Clôturant devant Notre-Dame de Chartres le pèlerinage national de 1873, la cardinal Pie rappelait en ces termes, ce thème pour lui familier : « En créant des Nations et des peuples, en suscitant parmi eux des rois et des princes, des gouvernements et des magistrats, Dieu n’a point entendu se dessaisir de la suprême autorité, ni renoncer à ses droits sur la création sortie de ses mains… Dire que Jésus-Christ est le Dieu des individus et des familles et n’est pas le Dieu des peuples et des sociétés, c’est dire qu’il n’est pas Dieu. Dire que le christianisme est la loi de l’homme individuel et n’est pas la loi de l’homme collectif, c’est dire que le christianisme n’est pas divin. Dire que l’Église est juge de la morale privée et domestique, qu’elle n’a rien à voir à la morale publique et politique, c’est dire que l’Église n’est pas divine ».

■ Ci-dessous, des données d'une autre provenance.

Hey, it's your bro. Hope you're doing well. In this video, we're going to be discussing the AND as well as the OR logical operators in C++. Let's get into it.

Ce résumé magistral de la doctrine du Christ-Roi l’affirme : l’enseignement des nations cherche à établir la royauté sociale de Notre Seigneur Jésus-Christ. Elle est la couronne temporelle du mystère de l’Incarnation. Elle est la forme humaine de la souveraineté de Dieu sur nous, sans laquelle le christianisme ne peut se transmettre au plus grand nombre. Car la religion de cet animal politique qu’est l’homme, a besoin pour s’étendre et durer, que ses croyances ne soient pas contredites par des institutions nationales. Sa foi est toujours plus ou moins tributaire des héritages de la nature, des traditions nationales, du climat social, de l’humanité des arts, des lettres, des métiers, du droit et de la politique.
D’où la mission confiée par le Christ à l’Église d’enseigner les nations, de les baptiser, c’est-à-dire de les convertir pour leur conférer la vie de l’Évangile, qui est la vie même de Dieu.

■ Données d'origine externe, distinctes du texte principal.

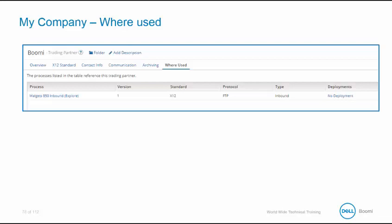The Trading Partner Where Used tab shows processes that reference the selected trading partners. You can open the process to edit or view by clicking on the process name. You can also view the process deployment containing the trading partner by clicking on the link in the Deployments column to open it in the Deploy Processes page. If the link reads View Deployment, then the latest version of the process is deployed. If the text link reads No Deployment, the process is not deployed.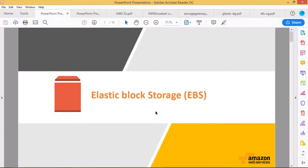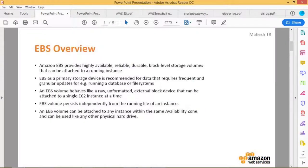EBS overview: Amazon EBS provides highly available, reliable, and durable block-level storage volumes that can be attached to running EC2 instances. EBS is recommended as a primary storage device for data that requires frequent and regular updates — for example, running a database or file system. EBS volumes behave like a raw, unformatted external block device.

Et qui s’en plaindrait puisqu’à tous les temps, l’évangélisation est la mère de la civilisation ? Pourquoi refuser à l’Église sa mission éducatrice, quand on sait que l’humanité y trouvera ses seules vraies libertés, ses seules justes lois, son bonheur durable ? Qui reproche à l’Église ses écoles et ses universités, ses cathédrales et ses cités, son influence pacificatrice, ses hospices et ses hôpitaux, ses œuvres innombrables de charité, de vérité et de beauté ? L’enseignement des nations par l’Église n’a-t-il pas protégé l’enfant, anobli la femme, humanisé l’individu ?
Séparé du christianisme civilisateur, le monde moderne, par son apostasie, s’est livré à la culture de mort. La dignité de l’homme, le salut éternel des âmes et la gloire de Dieu attendent que les successeurs des apôtres, aidés par les chrétiens, répondent à l’appel du Christ : « Allez, enseignez les nations… ». C’est le sens de la nouvelle évangélisation réclamée par le Saint Père, indispensable à l’harmonie du IIIème millénaire.